How that ancestry was proven is a remarkable tale in itself.  Genealogists had been working on Obama's ancestry during the election campaign.  They had uncovered the fact that the would-be-president's great-great-grandmother had an Irish immigrant father, one Fulmouth Kearney, who arrived in New York on 20th March 1850 from Moneygall, Co Offaly, but there the documentary trail went cold. It took the Church of Ireland Rector of Cloughjordan in Co.

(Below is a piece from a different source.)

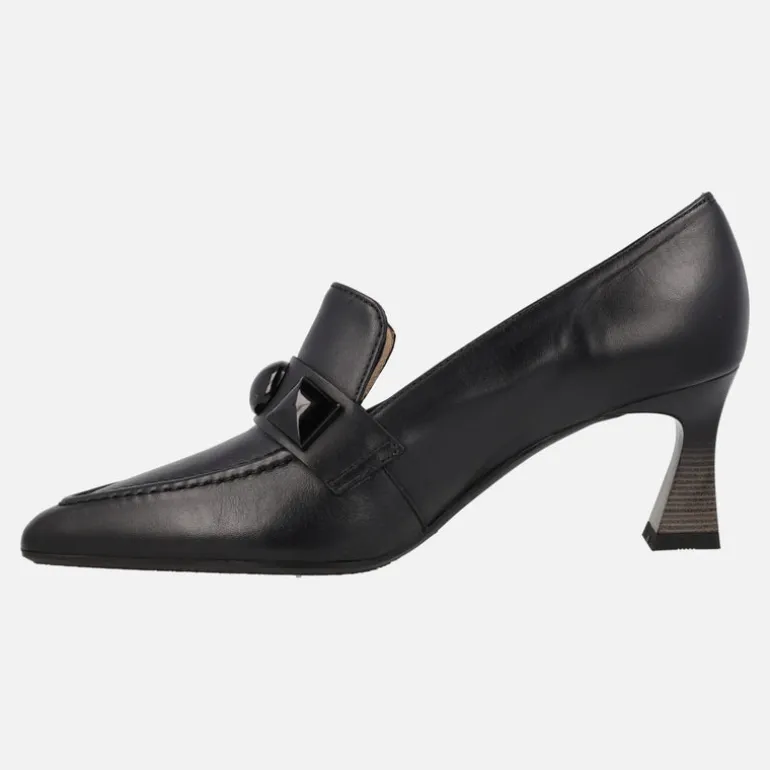 Mocasines negros con punta fina y adorno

Tipperary, Canon Stephen Neill, to find the missing evidence.  The church records of Templeharry near Moneygall had been in the care of its Treasurer, Elizabeth Shortt, who died in 2007.  Fortunately her son kept the old books his mother had looked after for so long, and it was in these faded volumes that the Rector found incontrovertible proof of the Fulmouth Kearney connection and more.  It turns out that Kearney family members had in fact been in America since the 1790s with different individuals emigrating there over the course of several generations.

So as the song goes, 'There's no one as Irish as Barack O'Bama,' and the President can justifiably claim to be recovering an Irish apostrophe lost somewhere along the way!  And yet we may wonder whether there's much actual content to that remembering of an Irish ancestry.  Is it really anything more than a curious fact about the past?  

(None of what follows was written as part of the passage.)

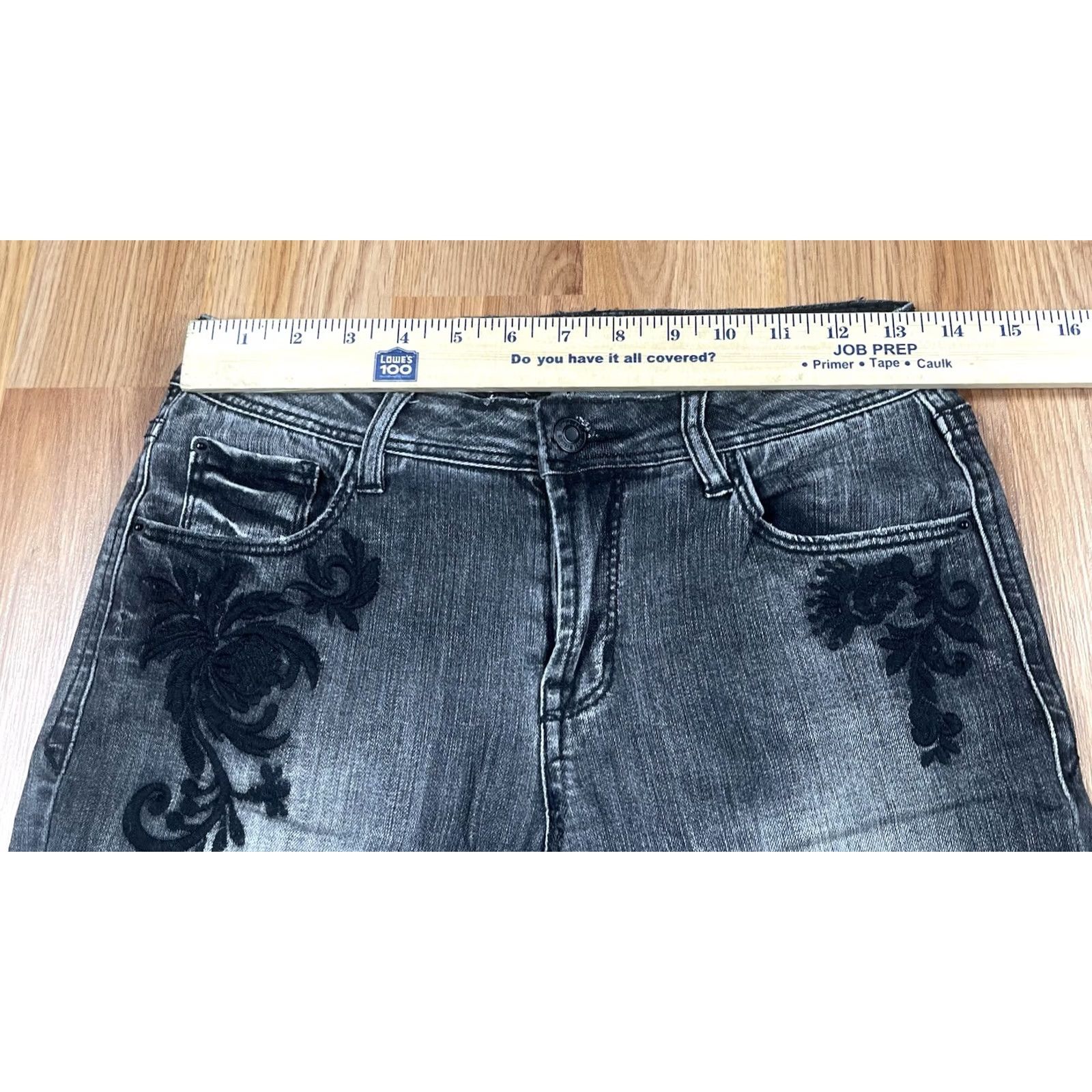 Vintage Kensie Jeans Women’s Skinny Black Denim Floral Embroidered Stretch Mid Rise Size 26" / US 2 / IT 38 - 3 Thumbnail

My answer has to be that it is indeed more than just a curiosity.  The 'Irish connection' reinforces again the President's credentials as a real American - an inheritor of that proud tradition of immigrants who against all the odds built a new land and an identity for themselves.  In that way this old lineage serves a very present purpose.  The rather improbable way these connections were discovered only serves to reinforce the romance of it all.  This remembering touches hearts, enhances reputation, and reinforces common ideals expressed in the person of President Obama.

Collective memory mechanism:

Remembering always serves the present.